Miscellany Magazine
Keeping Jazz Alive

By Pamela Kain

She won’t get home until 2:30 or 3 in the morning, and her son has learned not to expect her any earlier because she’s usually at the bar that late.

She knows who’s playing each night, and the waitresses call her by name. They know what she wants.

This vivacious regular talks to her friends and meets new people not just on good nights, but every night.

She wouldn’t have it any other way though.

She’s been doing this for years. Never ceasing, but for the occasional get-away.

This is her life.


A story of a woman, her love of music and her dedication to bringing live jazz acts to the Toledo area for nearly 40 years.

Her life is in a bar called Rusty’s, and she is Rusty. “I don’t drink and I don’t smoke. I just work here,” she said.

Nicknamed Rusty by friends, Rusty Monroe, now 82, has been running Rusty’s
Jazz Café in Toledo since 1963 at the urging of area jazz musicians with the itch to play. “There was a need for jazz,” she said.

“Rusty is jazz, and jazz is Rusty,” said Jerry DePrisco, a local musician who directs and plays with Rusty’s Thursday night regulars, the Big Band Bash, as he has for the past 10 years.
But, she’s not just a figurehead for jazz. She also runs a business.

On a Thursday near midnight, she works under yellow lights in a remote corner of the smoky and dimly lit yet still-lively jazz venue handwriting paperwork like the old days. She’s doing the payroll just like any other manager might, except most others rely on the efficiency of modern technology.

Besides payroll, she schedules hours for her staff of about 15 and answers all of their questions. She manages musicians for performances, and always pays close attention to her customers.

She just won’t quit. She’s outlived two husbands and outworked three sons. Now a grandmother and soon to be a great-grandmother, it would seem that Monroe should be ready to settle down. But she’s not. “My sons have all retired, but I’m not ready. This is what I like to do, so they let me do it.”

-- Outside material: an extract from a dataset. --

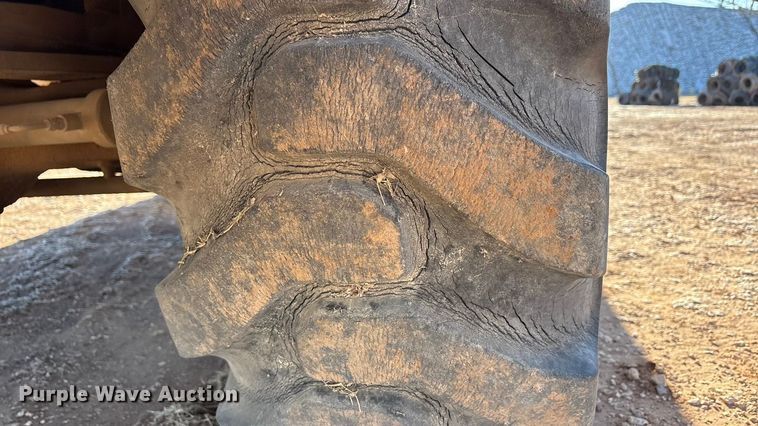 image for item EF6323 1998 Grove RT522B crane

Having lived through the Great Depression, World War II, the Industrial Revolution, and a myriad of other historical events, Monroe said she feels like she’s pretty much seen it all.
Through it all, she said she’s very blessed. Monroe stays active, she said, through the young lives that frequent her business. “ I’m always learning something new.”

Monica Cuevas, a 20-year-old waitress at Rusty’s, said it’s not like work to work for Monroe. “I cannot leave this place. I just like working here,” she said.

Cuevas, who is also an exchange student pursuing an International Business degree at Owens Community College, began coming to Rusty’s with friends when she was in high school at Ottawa Hills. “I love jazz. It’s the main reason I work here,” she said. Cuevas said that she likes that it’s a cozy place and it’s open seven nights per week with live performers every night.

Monroe draws people in from all walks of life. On one night, people wear tee shirts and jeans while others don ties or dresses. Rusty’s is a place where people can feel comfortable. Some customers come to eat or drink or chat with friends, and some even come to do homework, all while listening to professional live jazz, a rarity in the area.
Walls at Rusty’s are full of pictures and posters, and mirrored walls reflect the smiling faces of patrons.

Relics from the past are scattered amidst booths and tables with chairs. An old cash register sits idle behind the bar. And table lamps are stuck where there is space. A fireplace and fake flowers bring a home-like quality.

Conversation buzzes low beneath the electricity of guitars and pounding of hand-drums on Thursdays and the big brass horn blowers on Tuesday nights. Other nights bring other sounds, but it’s still the same old Rusty’s.

“We’re always open and there’s always live jazz,” Monroe said. In fact, she even opened one day after a small fire broke out in the kitchen early in her career as a café owner. “The musicians and my staff really didn’t want to shut down, so we cleaned it up and opened the doors,” she said.

And the jazz musicians just keep on coming.
She said she’s booked up until next March with bands playing every night and they keep coming to her.

DePrisco said his friends first brought him to Rusty’s and he just kept coming. “They just don’t come any better than Rusty,” DePrisco said. “She’s the first lady of jazz.”

Tony Ben, a hand percussionist for Cookin’ which plays on Thursdays, said “Rusty gets major acts, and she does it all alone. She’s an amazing woman.”

Ben, who won a Grammy, said she’s someone to admire. “She toughed it out when women weren’t in fashion.” She was a working mother when it was unpopular. She stepped in to protect and share responsibility for her family.

Monroe said she has always loved jazz and she has always had music. As a little girl, she would crank up her family’s Victrola and play records. Her father would play Viennese waltzes on his violin.

Her mother died when she was 10, but Monroe learned from her a lot about life and being a successful person. “We were taught to make our own decisions,” she said. “Work was not a bad word when I was growing up, it was a challenge.”

The challenges get easier with time because everything’s history, she said. “ My sons would’ve liked to make life easier for me, but this is what I want, and they let me do it.”